Both Ms. Freeland and Mr. Guajardo said they were open to negotiating the rules of origin – but rejected a U.S. content requirement.
"Canada is not in favour of specific national content in rules of origin," she told reporters on the terrace of the Canadian embassy at the end of the negotiating day, which had included a further private trilateral meeting with Mr. Lighthtizer and Mr. Guajardo. "It's going to be very important ... to take great care in any changes to ensure they don't disrupt supply chains."
Mr. Guajardo said at a news conference at the Mexican embassy that the "rigidity" of a U.S. content requirement is "not good for U.S. companies, it's not good for Mexican companies."
Such a move would severely disrupt the integrated network of the auto industry. Vehicles and parts are made in all three countries and shipped among them duty-free.
"It goes against the way the deal has been operating for 23 years, where there has been uniform regulations across the three countries," said David Worts, executive director of the Japan Automobile Manufacturers Association of Canada, which urges maintaining the rules of origin at 62.5 per cent and having no country-specific level of content. "That has supported the development of supply chains and the nature of the industry."
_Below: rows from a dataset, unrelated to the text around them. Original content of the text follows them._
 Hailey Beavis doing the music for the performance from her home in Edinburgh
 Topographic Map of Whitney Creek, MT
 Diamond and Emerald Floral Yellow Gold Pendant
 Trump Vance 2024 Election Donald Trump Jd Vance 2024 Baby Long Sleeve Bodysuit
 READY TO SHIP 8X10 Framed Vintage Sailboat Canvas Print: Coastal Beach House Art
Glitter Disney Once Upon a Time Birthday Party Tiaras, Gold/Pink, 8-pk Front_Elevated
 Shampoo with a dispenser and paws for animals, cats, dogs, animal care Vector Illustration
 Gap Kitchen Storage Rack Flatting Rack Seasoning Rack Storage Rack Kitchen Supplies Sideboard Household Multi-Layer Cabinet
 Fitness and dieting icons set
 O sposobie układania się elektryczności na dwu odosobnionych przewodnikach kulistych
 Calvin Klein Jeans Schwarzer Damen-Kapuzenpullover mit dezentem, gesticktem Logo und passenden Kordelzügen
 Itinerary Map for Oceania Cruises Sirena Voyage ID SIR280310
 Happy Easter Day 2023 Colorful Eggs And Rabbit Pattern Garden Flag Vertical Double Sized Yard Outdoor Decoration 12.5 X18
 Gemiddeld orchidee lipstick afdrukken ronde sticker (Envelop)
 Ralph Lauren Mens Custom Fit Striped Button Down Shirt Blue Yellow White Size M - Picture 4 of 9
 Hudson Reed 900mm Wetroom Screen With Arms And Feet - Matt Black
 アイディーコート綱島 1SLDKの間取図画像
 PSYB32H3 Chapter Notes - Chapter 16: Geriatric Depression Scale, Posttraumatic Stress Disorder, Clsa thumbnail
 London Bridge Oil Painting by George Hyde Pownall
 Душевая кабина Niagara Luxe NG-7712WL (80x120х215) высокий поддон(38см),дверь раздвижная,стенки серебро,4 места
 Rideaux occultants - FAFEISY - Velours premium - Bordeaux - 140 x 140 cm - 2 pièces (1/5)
NAFTA has led to a system where parts that are labour-intensive, such as wiring harnesses and fabrics for seats, are made in Mexico and shipped to assembly plants or seating plants in the United States and Canada.
Mr. Trump's alarm stems from Mexico's growth as an automotive powerhouse. Before NAFTA, Mexico produced 1.1 million vehicles annually or about 8 per cent of the vehicles made in North America. By last year, that had risen to 4 million or 21 per cent.
Flavio Volpe, president of the Automotive Parts Manufacturers' Association, expressed hope that Mr. Lighthizer's demand was only an opening gambit and would be bargained down.
"I understand that's the objective – to raise some of the U.S. activity in the supply sector – so I wasn't surprised to hear it," Mr. Volpe said on the sidelines of the speech. "I think, maybe, at the final draft, we'll see other ways to get there."
Ms. Freeland took a similar tack, and tried to brush off suggestions that Mr. Lighthizer's harsh words portend badly for the future of the trade zone.
"We know that trade negotiations, although they can sometimes seem soporific in the details, can include moments of excitement," she said. "We're prepared for moments of rhetoric."